A Fair Value Gap usually forms during strong bullish or bearish movement.
This happens when:
- Price moves aggressively
- Some price levels are skipped quickly
- Market leaves imbalance behind
Traders expect price to later revisit these areas.
Types of Fair Value Gap

Bullish Fair Value Gap
Forms during strong upward movement.
Traders look for buy opportunities when price retraces into the gap.
Bearish Fair Value Gap
Forms during strong downward movement.
Traders look for sell opportunities when price returns to the gap area.
Why Fair Value Gap is Important
Identifies Market Imbalance
FVG helps traders spot areas of inefficient price movement.
Better Entry Opportunities
Price often reacts around Fair Value Gap zones.
Supports Smart Money Analysis
FVG is commonly used with liquidity and market structure concepts.

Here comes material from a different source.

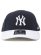 画像2: NIKE DRI-FIT CLUB STRUCTURED CAP YANKEES PITCH BLUE/WHITE (2)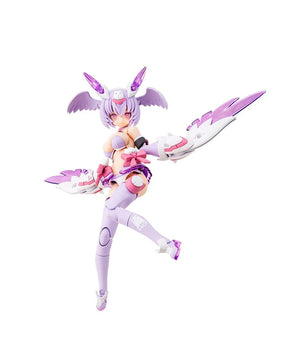 Megami Device Puni Mofu Xiao Model Kit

How to Identify Fair Value Gap
- Find strong impulsive movement
- Look for gap between candles
- Mark imbalance zone
- Wait for retracement and confirmation
Fair Value Gap and Market Structure

Fair Value Gap works best with:
- Trend direction
- Order blocks
- Break of Structure BOS
- Liquidity zones
Common Mistakes
- Trading every Fair Value Gap blindly
- Ignoring higher timeframe trend
- Entering without confirmation
- Using weak market structure
Best Practice for Beginners
- Focus on clean impulsive moves
- Use higher timeframe analysis
- Combine FVG with market structure
- Practice patiently on demo account
Pro Tip
Strong Fair Value Gaps often appear after high momentum institutional movement.
Conclusion
Fair Value Gap helps traders identify imbalance zones and possible market retracement areas.
If used properly, it can improve entry timing and Smart Money analysis.